Official ESCRS | European Society of Cataract & Refractive Surgeons



Search Title by author or title

Advancing cataract and refractive surgical and therapeutic applications through new ophthalmic laser technology

Poster Details

First Author: S.Rowen USA

Co Author(s):    A. Hipsley   L. Gualdi   S. Shah   R. Ang   M. Jackson        

Abstract Details


To evaluate and compare the characteristics of the past & present lasers in ophthalmology and the role of advanced biophotonics in cataract and refractive surgery as well as ocular therapies.


Clinical Research Institute of Laser Medicine, Ulm Germany.


A comparison and evaluation was conducted of the lasers used historically in ophthalmology and the evolution of new wavelengths being used now and those on the horizon of the future. A comparison of clinical outcomes is offered as evidence of the value proposition of supporting innovation in ophthalmology. We further define and describe the laser tissue interaction of each wavelength related to its use in ophthalmology.

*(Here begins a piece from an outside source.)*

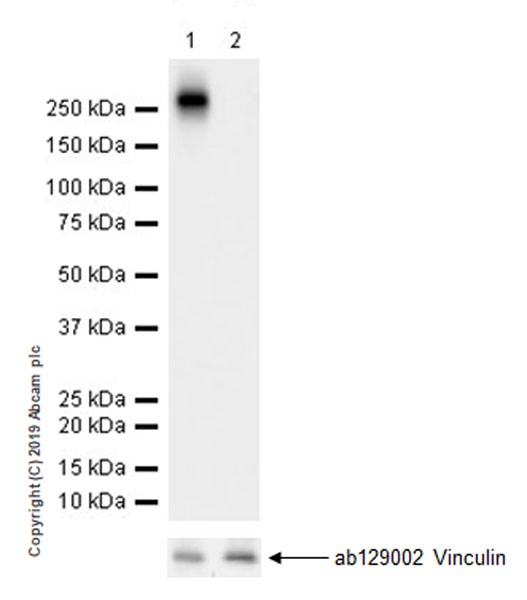 Western blot - Anti-RNA polymerase II CTD repeat YSPTSPS (phospho S2) antibody [EPR18855-87] - ChIP Grade (ab238146), expandable thumbnail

The impact of these exciting biophotonic advances on new safety and precision standards in cataract, refractive, and presbyopic surgery is also discussed.

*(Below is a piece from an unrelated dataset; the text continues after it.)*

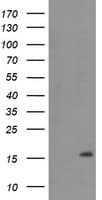 TMEM230 Antibody (clone OTI1B4)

The use of lasers in ophthalmology have proven effective modalities for treating various refractive disorders, retinal disorders, glaucoma, and age-related macular degeneration. Advances in ophthalmic laser technology has minimized iatrogenic damage while maintaining therapeutic effects and has evolved significantly since its introduction more than half a century ago. These innovations have included both optimizations of laser parameters in addition to the development of novel laser delivery systems. This review summarizes recent innovations in retinal laser technology, including subthreshold micropulse laser, selective laser therapy, selective wavelengths, innovative modes of laser delivery including pattern scanning lasers, and newly developed diode lasers.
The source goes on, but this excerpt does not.